What to produce » Can you return the records below exactly as they stand, but only from the first line through the one with "ZA家单肩手提托特包2024秋季新品时尚大容量棕色通勤子母包购物包"?

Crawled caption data
+++
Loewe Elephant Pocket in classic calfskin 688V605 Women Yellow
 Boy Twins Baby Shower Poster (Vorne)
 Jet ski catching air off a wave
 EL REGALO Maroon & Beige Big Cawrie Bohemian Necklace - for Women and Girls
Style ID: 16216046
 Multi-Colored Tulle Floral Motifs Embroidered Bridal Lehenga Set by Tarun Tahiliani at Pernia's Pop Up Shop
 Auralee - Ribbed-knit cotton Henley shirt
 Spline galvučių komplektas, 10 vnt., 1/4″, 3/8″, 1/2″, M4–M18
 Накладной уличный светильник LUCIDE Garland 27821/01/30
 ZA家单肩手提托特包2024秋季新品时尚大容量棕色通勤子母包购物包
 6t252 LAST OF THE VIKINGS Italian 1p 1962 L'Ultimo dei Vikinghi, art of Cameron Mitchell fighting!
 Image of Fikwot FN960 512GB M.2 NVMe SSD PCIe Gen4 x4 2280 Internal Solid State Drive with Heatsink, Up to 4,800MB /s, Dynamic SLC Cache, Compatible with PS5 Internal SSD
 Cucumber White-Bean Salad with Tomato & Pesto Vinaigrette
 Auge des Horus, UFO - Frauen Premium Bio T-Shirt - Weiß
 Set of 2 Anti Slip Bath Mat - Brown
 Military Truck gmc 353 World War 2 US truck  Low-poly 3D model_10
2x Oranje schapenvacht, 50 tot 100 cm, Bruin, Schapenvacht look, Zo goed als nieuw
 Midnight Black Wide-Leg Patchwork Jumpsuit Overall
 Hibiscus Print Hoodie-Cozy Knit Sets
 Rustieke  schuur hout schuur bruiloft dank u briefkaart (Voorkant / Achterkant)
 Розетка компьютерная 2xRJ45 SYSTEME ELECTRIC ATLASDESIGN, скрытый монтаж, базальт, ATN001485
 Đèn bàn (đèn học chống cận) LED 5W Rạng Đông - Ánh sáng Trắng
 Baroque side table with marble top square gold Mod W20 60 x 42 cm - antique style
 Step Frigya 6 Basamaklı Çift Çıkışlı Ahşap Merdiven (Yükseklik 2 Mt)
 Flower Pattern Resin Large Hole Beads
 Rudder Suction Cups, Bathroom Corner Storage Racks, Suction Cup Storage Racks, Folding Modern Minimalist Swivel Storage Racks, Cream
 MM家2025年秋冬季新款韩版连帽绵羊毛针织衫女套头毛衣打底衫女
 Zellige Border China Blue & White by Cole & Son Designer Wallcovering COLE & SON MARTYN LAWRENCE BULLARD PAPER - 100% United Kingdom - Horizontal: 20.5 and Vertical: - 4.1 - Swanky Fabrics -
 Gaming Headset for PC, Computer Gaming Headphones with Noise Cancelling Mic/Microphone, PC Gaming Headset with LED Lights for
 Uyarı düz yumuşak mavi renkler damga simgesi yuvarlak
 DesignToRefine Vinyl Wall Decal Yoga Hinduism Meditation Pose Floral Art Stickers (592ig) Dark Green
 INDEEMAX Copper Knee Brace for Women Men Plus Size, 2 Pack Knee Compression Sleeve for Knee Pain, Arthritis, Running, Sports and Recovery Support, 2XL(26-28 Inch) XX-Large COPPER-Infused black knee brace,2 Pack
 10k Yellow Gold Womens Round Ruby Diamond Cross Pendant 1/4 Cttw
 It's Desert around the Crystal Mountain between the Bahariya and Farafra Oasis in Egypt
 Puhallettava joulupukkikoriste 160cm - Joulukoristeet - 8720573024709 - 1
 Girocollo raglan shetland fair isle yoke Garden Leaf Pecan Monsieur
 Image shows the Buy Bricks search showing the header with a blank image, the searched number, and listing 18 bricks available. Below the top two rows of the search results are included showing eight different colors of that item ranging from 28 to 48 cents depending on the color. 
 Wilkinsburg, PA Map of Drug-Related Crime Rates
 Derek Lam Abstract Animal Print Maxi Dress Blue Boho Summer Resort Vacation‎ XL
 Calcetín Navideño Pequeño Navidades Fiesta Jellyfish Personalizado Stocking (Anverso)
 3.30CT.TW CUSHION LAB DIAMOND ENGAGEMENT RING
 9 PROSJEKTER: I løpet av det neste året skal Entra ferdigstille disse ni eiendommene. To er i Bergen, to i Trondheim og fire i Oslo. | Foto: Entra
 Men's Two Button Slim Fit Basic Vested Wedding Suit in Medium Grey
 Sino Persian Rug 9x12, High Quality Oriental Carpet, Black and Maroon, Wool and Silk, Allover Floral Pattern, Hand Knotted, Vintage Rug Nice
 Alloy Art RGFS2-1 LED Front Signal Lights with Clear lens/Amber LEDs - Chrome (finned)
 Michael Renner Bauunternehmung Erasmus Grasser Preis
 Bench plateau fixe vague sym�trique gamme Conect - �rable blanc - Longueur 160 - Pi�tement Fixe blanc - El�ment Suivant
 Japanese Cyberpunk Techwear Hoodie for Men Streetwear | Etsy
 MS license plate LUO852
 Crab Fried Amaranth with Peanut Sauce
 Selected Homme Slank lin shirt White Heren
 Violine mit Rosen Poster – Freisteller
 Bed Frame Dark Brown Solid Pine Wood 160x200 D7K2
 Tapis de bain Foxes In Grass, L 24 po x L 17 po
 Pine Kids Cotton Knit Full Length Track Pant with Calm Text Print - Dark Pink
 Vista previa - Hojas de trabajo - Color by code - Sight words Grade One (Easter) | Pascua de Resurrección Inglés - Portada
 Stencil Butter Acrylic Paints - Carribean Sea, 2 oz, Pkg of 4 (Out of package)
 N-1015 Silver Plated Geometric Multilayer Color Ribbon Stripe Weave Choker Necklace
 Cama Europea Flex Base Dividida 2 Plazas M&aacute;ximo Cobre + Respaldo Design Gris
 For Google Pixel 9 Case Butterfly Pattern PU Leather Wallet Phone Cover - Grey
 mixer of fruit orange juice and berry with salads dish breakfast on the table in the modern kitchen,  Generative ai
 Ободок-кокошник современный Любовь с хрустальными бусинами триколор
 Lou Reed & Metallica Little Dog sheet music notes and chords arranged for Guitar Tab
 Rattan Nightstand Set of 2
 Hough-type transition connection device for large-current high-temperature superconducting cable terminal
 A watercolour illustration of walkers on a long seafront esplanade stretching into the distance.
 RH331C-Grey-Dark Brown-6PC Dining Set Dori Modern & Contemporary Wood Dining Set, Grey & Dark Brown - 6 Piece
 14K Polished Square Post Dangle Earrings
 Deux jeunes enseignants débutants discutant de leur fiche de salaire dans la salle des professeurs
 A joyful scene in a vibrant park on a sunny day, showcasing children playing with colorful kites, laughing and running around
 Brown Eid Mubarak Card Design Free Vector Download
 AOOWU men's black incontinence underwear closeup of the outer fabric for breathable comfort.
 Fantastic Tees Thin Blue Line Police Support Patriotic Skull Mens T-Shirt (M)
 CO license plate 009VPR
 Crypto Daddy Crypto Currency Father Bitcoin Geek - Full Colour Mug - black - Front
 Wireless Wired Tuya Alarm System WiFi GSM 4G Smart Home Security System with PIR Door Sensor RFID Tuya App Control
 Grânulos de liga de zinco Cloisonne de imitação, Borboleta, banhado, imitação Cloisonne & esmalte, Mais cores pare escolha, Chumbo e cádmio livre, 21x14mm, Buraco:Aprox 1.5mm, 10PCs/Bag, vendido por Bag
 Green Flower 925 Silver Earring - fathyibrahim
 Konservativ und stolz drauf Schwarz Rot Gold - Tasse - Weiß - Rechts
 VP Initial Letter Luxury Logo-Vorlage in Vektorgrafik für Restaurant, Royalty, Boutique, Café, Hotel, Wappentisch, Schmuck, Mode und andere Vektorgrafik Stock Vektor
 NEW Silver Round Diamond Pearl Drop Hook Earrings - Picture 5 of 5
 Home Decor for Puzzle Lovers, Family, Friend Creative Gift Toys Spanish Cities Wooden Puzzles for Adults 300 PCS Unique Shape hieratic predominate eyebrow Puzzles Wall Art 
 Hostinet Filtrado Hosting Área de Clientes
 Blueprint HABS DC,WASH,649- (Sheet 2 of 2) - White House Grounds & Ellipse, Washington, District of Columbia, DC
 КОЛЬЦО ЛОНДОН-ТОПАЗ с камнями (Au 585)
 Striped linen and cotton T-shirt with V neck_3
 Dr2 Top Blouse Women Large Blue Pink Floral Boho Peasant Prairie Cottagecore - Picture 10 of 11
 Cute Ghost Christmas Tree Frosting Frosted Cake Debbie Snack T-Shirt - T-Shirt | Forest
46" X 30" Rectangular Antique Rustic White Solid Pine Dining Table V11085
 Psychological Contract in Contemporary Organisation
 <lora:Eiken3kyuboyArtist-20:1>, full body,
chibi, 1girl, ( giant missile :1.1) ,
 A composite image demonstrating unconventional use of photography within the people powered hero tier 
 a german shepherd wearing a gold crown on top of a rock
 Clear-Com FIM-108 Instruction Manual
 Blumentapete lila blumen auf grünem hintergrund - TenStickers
+++
Reply »
Loewe Elephant Pocket in classic calfskin 688V605 Women Yellow
 Boy Twins Baby Shower Poster (Vorne)
 Jet ski catching air off a wave
 EL REGALO Maroon & Beige Big Cawrie Bohemian Necklace - for Women and Girls
Style ID: 16216046
 Multi-Colored Tulle Floral Motifs Embroidered Bridal Lehenga Set by Tarun Tahiliani at Pernia's Pop Up Shop
 Auralee - Ribbed-knit cotton Henley shirt
 Spline galvučių komplektas, 10 vnt., 1/4″, 3/8″, 1/2″, M4–M18
 Накладной уличный светильник LUCIDE Garland 27821/01/30
 ZA家单肩手提托特包2024秋季新品时尚大容量棕色通勤子母包购物包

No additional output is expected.